In the financial sector, the Canadian banks are considered anchor holdings. However, given the precarious state of the Canadian housing market and the recent run up in share prices, where should an investor put new money in the sector?
Here are four key reasons why I think investors should consider The Bank of Nova Scotia (TSX: BNS)(NYSE: BNS) right now as a solid bank pick for a long-term growth investment.
1. Diversified earnings
The Bank of Nova Scotia may be Canada’s third largest bank, but it is number one when it comes to international operations.
In its Q3 2014 earnings statement, Bank of Nova Scotia reported its net income came from four specific sectors: Canadian banking accounted for 33%, international banking contributed 24%, global banking and markets added 24%, and global wealth and insurance supplied 19% of profits.
This diversification will be very important moving forward. Canadian retail customers are already sitting on record levels of debt, and there is a limit to how much profit the Canadian banks can squeeze out of this market given the current situation.
2. The Latin American economic revolution
As Canada’s most international lender, Bank of Nova Scotia is focused on building a leadership presence in markets where high-margin product penetration is much lower than in Canada and the U.S.
In Latin America, Bank of Nova Scotia operates in Mexico, Chile, Peru, and Colombia. The combined population in these four markets tops 200 million and the average age is much younger than that of the U.S. and Canada. The Bank of Nova Scotia hasn’t chosen these four countries on a whim.
As economic growth expands and political stability takes root, the young people in Latin America are becoming more affluent and demanding services such as credit cards, mortgage loans, lines of credit, insurance, and investment products.
The governments of these four countries also realize the power of merging markets and enabling free trade. A new trade agreement between Mexico, Colombia, Chile, and Peru will eliminate tariffs on 92% of all goods moving between the four countries.
The result will be greater opportunity for small businesses to buy and sell goods in all four markets. When this happens, these companies will require a host of financial services including foreign exchange, trade financing, and cash management.

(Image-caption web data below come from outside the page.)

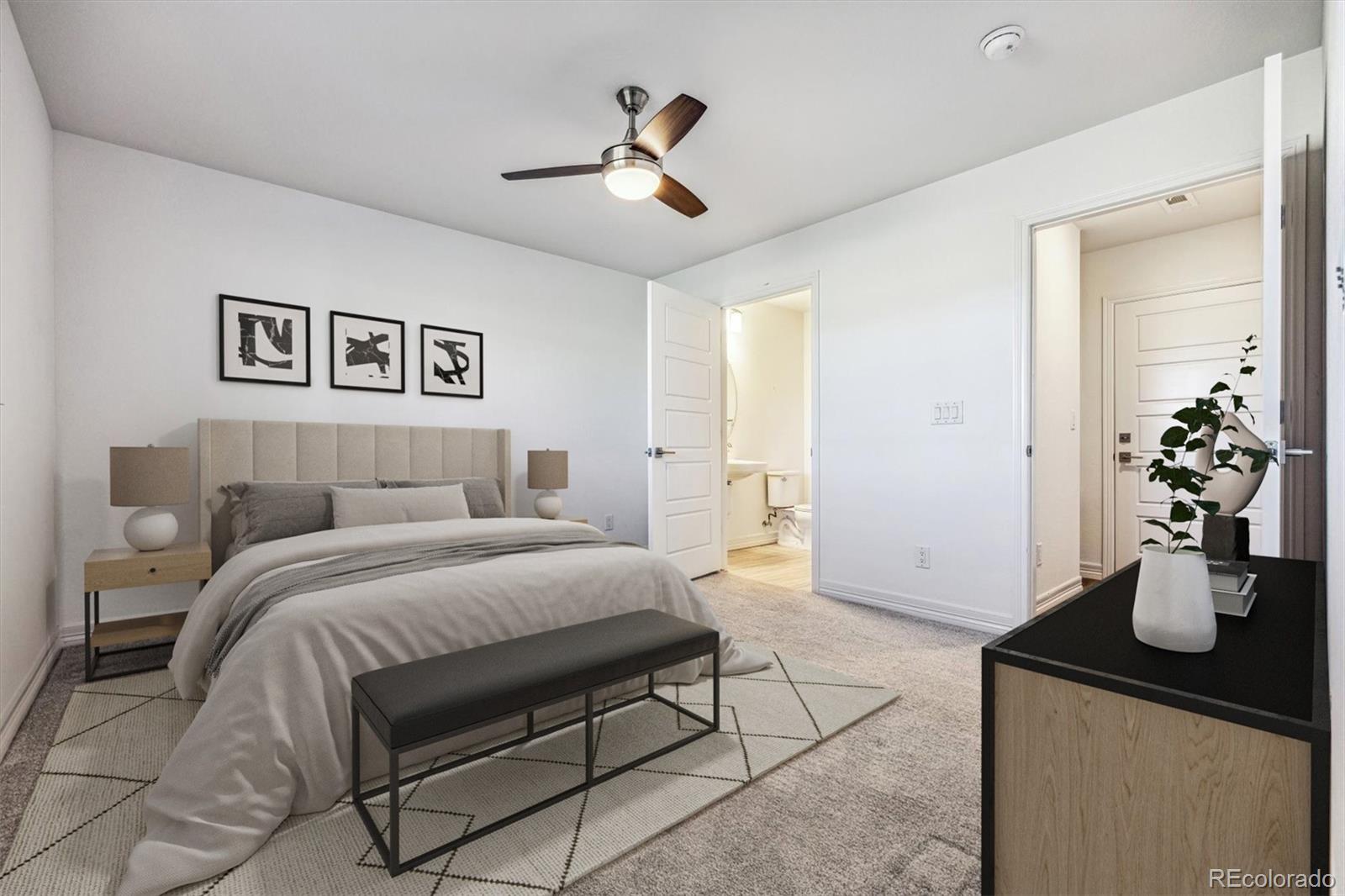 MLS Image #22 for 4395  cyan circle,castle rock, Colorado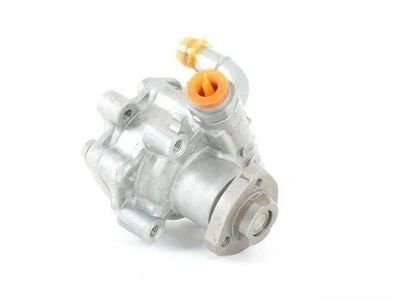 Volkswagen 2K0-422-154-A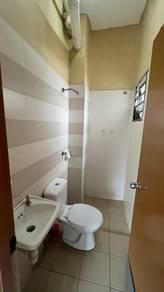 Apartment at Pangsapuri Damai Residensi, Bangi, photo 9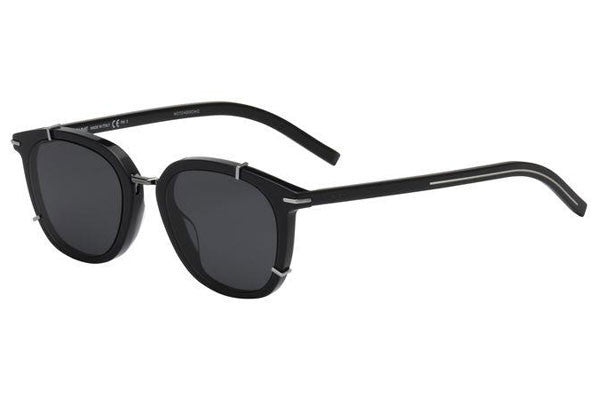 Tổng hợp 69 về dior black tie sunglasses mới nhất  Du học Akina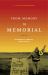 From Memory to Memorial : Shanksville, America, and Flight 93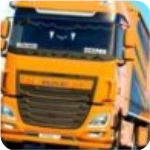 �������俨��ͣ����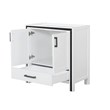 Lexora Home Ziva 30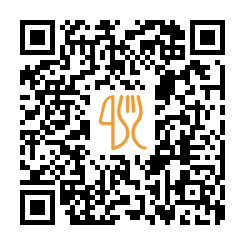 QR-kode-link til menuen på China- Zhen-schopp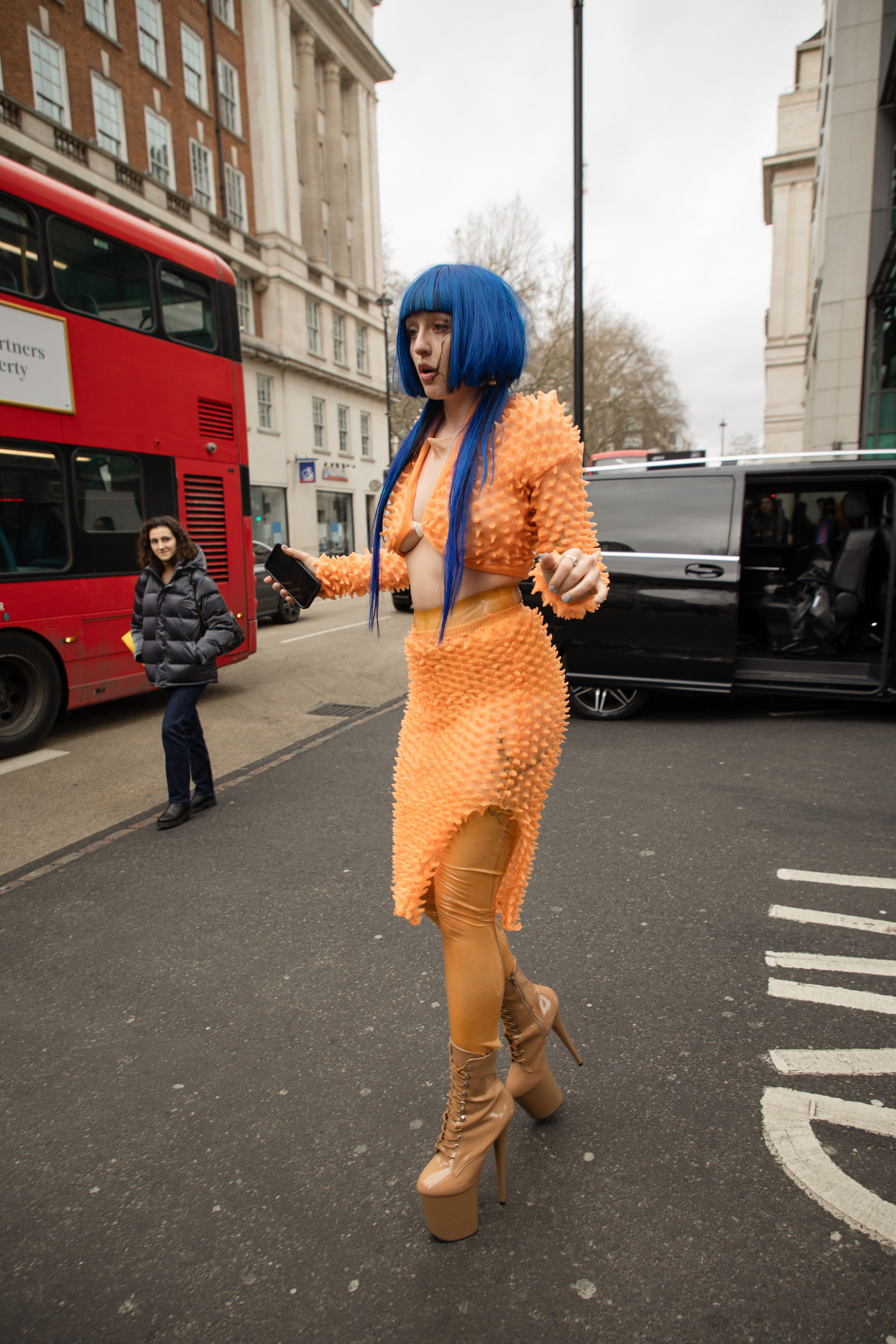 LFD Day 2. Wedding and family photographer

Because The Bank of Nova Scotia has operations in all four markets, the opportunity to provide financial products and services to these small and medium businesses is massive.
The four Latin American economic powerhouses have also set up a platform for the free movement of capital. The Latin American Integrated Market is the result of the unification of the four stock exchanges. There are more than 750 companies trading on the exchange. Their combined market value is greater than $1 trillion.
The Bank of Nova Scotia is setting up brokerage operations in all four countries to take advantage of the demand for trading services.
3. Manageable Canadian retail risk
The company’s Basel III common equity Tier 1 capital ratio on July 31 was a solid 10.9%. As a measure of the bank’s financial strength the ratio is important for investors in the event that a serious financial crisis occurs.
4. Share appreciation and dividend growth
As a long-term holding, The Bank of Nova Scotia is tough to beat. The company has paid a dividend every year for more than a century and the stock has risen more than 85% in the past 10 years.
The bottom line
The recent weakness in the stock might continue in the short term, but the pullback should be seen as a long-term buying opportunity.